As the coverage grew, they could not be unaware, though. They were at least spared being pushed into the compromising position of having to greet the president. “We’re not going there to support anyone or to overthrow anyone,” del Bosque said.

There were those who saw something positive in the coverage: rather than boycotting the match, the best way of challenging the dictatorship might be to use the match to throw light upon it. It is often said that sport and politics should not mix but the reality is that they do, like it or not.

Spanish football knows that very well. “Apoliticism,” loudly embraced, is often eminently political too. General Franco, Spain’s dictator between 1939 and 1975, famously once advised: “Do what I do; don’t get involved in politics.”

Questions were raised: Do sportsmen care? Should they? Does football care? In 1978 the World Cup was held in the generals’ Argentina. Should it care? If so, in which cases? Where do the boundaries of acceptability lie? Where’s the line between morality or ethics and politics? And if so, what should be done? Is a boycott better? A protest? Is the most powerful case that can be made to win?

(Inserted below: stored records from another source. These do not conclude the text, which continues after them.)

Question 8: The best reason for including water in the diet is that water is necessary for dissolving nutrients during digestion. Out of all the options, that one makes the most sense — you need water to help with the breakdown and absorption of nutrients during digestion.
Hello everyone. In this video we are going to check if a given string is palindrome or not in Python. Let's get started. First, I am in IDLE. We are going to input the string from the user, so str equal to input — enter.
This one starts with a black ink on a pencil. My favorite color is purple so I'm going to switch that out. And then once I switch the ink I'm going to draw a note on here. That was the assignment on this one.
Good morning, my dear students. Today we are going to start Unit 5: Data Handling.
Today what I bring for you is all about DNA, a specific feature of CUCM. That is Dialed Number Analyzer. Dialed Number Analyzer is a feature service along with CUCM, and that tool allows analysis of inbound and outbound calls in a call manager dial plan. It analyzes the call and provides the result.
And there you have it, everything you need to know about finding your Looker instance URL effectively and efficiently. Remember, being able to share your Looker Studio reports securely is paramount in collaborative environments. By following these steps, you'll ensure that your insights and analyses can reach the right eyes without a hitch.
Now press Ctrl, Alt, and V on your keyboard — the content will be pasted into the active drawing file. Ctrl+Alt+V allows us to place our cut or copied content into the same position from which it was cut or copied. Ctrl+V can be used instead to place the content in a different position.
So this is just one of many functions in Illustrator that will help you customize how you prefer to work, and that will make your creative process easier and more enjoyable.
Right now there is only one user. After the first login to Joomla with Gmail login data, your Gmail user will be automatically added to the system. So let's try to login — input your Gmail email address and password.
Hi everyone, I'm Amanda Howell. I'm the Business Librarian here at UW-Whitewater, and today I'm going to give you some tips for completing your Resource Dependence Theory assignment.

Jesse Owens had a greater impact than anyone who stayed away could have done. Tommie Smith’s salute is one of the most powerful images in sport. The politicisation of sport was once again on the agenda.

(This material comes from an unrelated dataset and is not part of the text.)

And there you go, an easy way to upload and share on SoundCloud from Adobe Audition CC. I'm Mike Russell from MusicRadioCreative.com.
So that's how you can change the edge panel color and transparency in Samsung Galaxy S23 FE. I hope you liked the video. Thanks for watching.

Perhaps, though, not for long. As soon as the story emerged, it slipped away, buried under the Ballon d’Or and the rest.

The match was not up to much. A second-string Spanish team was most concerned with avoiding scything challenges and won unconvincingly, 2-1.

A few days later, Spain travelled to South Africa. This time they didn’t even win. Bernard Parker’s goal meant that the stage of Spain’s greatest triumph is also the stage of many of its defeats, more than anywhere else.

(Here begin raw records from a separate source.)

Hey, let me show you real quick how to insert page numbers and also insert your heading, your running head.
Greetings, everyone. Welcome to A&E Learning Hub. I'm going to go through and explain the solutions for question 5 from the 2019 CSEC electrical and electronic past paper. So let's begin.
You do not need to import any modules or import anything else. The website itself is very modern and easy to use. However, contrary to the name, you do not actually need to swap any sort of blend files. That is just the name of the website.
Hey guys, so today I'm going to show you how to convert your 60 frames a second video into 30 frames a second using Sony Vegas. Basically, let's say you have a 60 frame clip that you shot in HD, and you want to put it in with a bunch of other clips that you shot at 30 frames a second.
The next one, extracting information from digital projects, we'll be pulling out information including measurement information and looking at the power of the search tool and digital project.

La seleccion have lost eight times under Del Bosque, with three of the defeats coming in South Africa. For the hosts, it was a big victory and one that might have an important impact on their FIFA ranking. For Spain it was a disaster. As one headline put it: “The party was ruined.”

Javier Soriano/AFP/Getty ImagesVictor Valdes is expected to miss up to six weeks with a calf injury.

By the full-time whistle four different players had pulled on the goalkeeping shirt. With 10 minutes to go Víctor Valdes, who had come on for Casillas, pulled up injured. Spain had used all of their six subs.

Defender Alvaro Arbeloa grabbed the jersey and got ready to put the gloves on too. Meanwhile, over on the touchline, Pepe Reina, a proper goalkeeper, prepared to come on.

An argument broke out and Spain were not permitted to make another change. But they insisted, claiming a “fair play” that was, at best, clumsy and, at worse, a touch arrogant. Referee Osasiase Koto then gave them the all-clear and Reina came on.

FIFA have yet to publicly say anything but they have briefed some journalists that there is a chance the game may be declared void. It could be considered not to be an official friendly, thus -- deeply unfairly -- denying South Africa the victory and the ranking points because of a mistake that Spain had committed.

The president of the South African federation, Danny Jordan, rightly told Ballz visual radio that there was no precedent -- when it happened in a game between England and Trinidad & Tobago the referee was blamed and the game stood -- and guaranteed to fans that the game would count.

What his remarks revealed was not so much a certainty as his fear that FIFA could decide to declare the game null and void, plus his justified determination to fight that potential decision.

For Spain it was an embarrassment -- another one -- and no FIFA decision can change that. Striking the game off the official record would just make it worse for them, as if this trip had not proved bad enough already.

Furthermore, it would make no real difference. So is there a chance that the game never officially happened? Try telling that to Valdes as he headed down the steps of the plane in the small hours, returning from Spain’s long trip to Africa on crutches.